# Nord Pas de Calais - Kent overnighting



## 101819 (Nov 17, 2006)

Well, it´s me again!

I´ve been in UK in August 2005 but we didn´t really stop in Calais or in Dover for overnighting. From what I´ve read here, you can stop in "sans billet" park in Calais docks, but you can´t in Dover docks. Is this 100 % true or not? 
Oh, and this. I´ve also read that a lot of people go to Cap Gris Nez, stay in Wissant, and even at St.Margaret´s at Cliffe! As we are planning to visit the location of Julius Caesar´s first landing in Britain near Walmer, I was thinking if there was a wild camping spot as well?

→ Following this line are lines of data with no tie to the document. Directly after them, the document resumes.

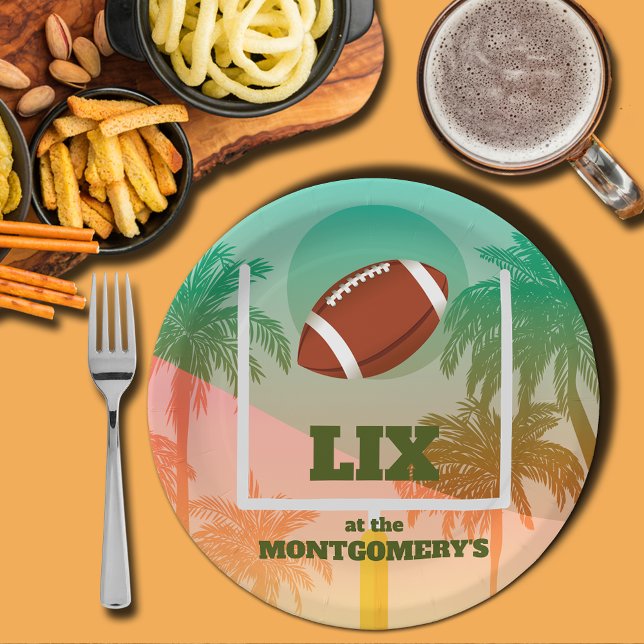Palm Trees and Football Uprights Party Paper Plate (Palm trees and football through the uprights paper plates)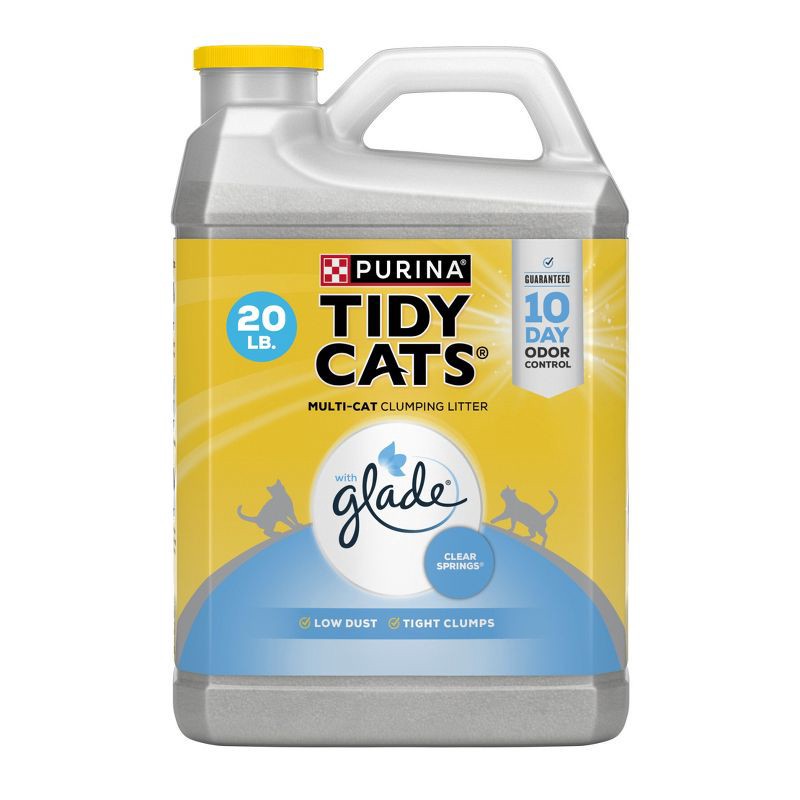 slide 1 of 9, Purina Tidy Cats Clumping and Low Dust Scoop Cat & Kitty Litter with Glade Tough Odor Solutions for Multiple Cats - 20lbs, 20 lb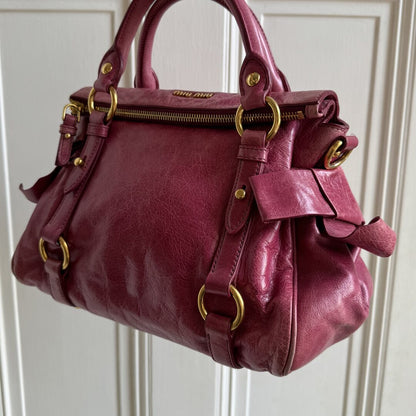 🔥 Authentic Miu Miu Mini Vitello Lux Pink Leather Handbag Pre-owned 🔥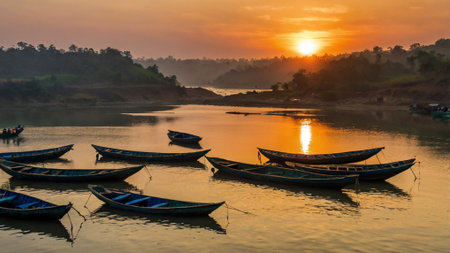 Fishing boats on the Mekong river at sunset, Laos.の写真素材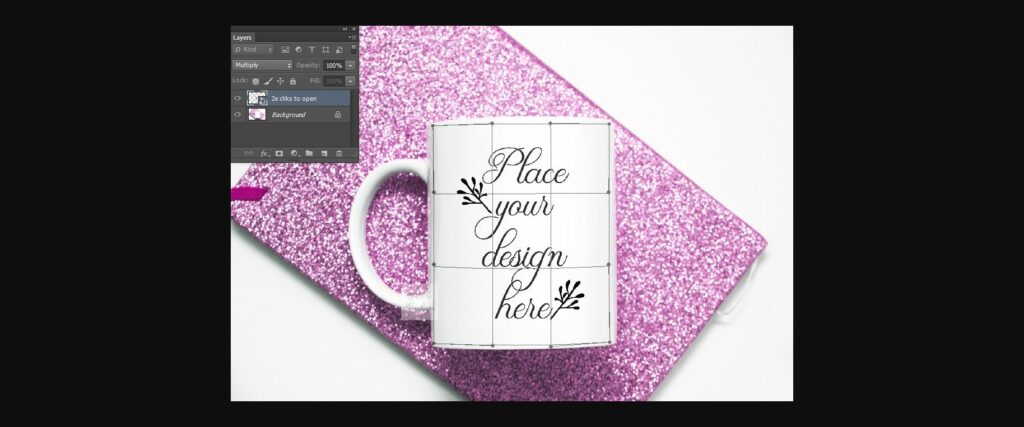 Coffee Mug Mockup Pink Glitter Flatlay Poster 4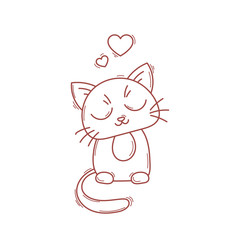 Cute cat character. Satisfied fed kitten.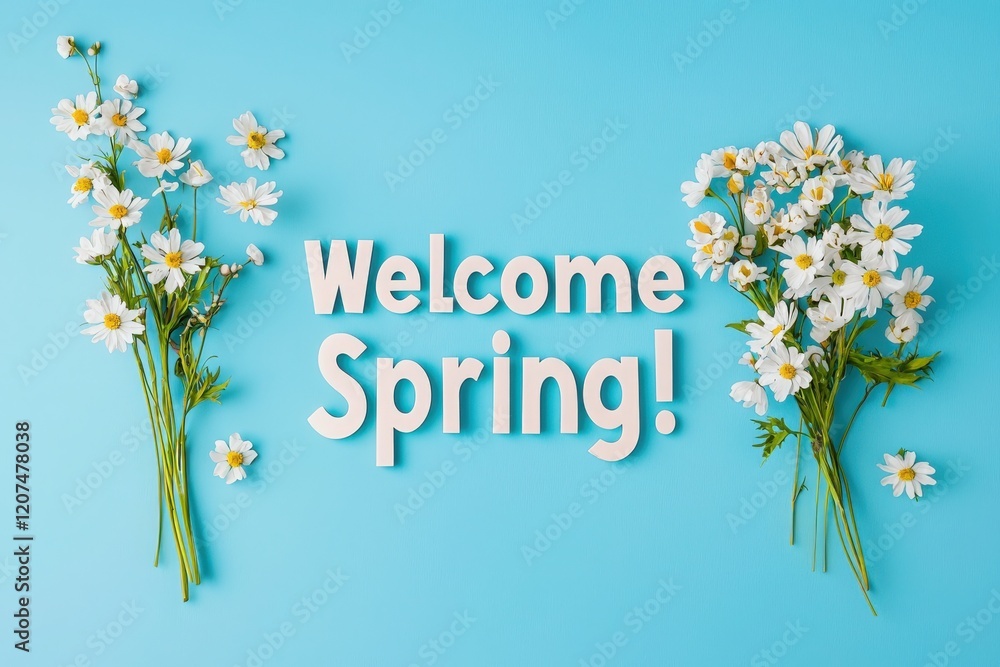 Colorful daisies arranged elegantly on a bright blue backdrop celebrate the arrival of spring. The playful message invites joy and renewal during the most vibrant season of the year.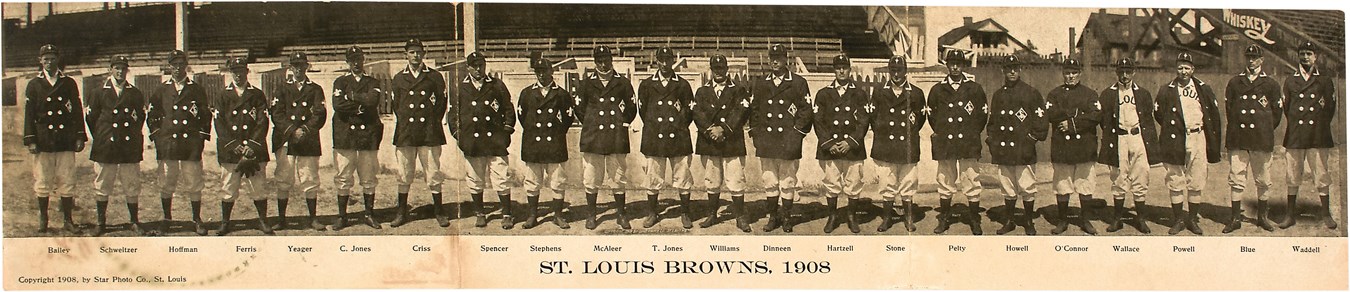 - 1908 St. Louis Browns Tri-Fold Postcard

As usual, thanks for all the info. :wink: 

Miha, from Slovenia


----------



## bognormike (May 10, 2005)

I think the entrance to Dover is difficult & you can't go anywhere but up to the check in counters, so no real opportunity to park up like at Calais. There is the Marine Parade parking which is well documented on here - try a search!


----------



## peejay (May 10, 2005)

Hi Miha, welcome to MHFacts,

No overnight parking allowed at Dover docks i'm afraid but you can overnight at marine parade.......










On the other side in France, they aren't keen on overnight parking at Gris Nez ever since the area has been redeveloped but some have got away with the odd night. Absolutely no problems parking at the 'sans billets' at the calais terminal though.
A few more maps to help you...

'Sans Billets' parking location at Calais docks (free).....









The official aire at Calais (€7per night).....









An alternative to the aire at the marina (free).....









happy travels,

pete.


----------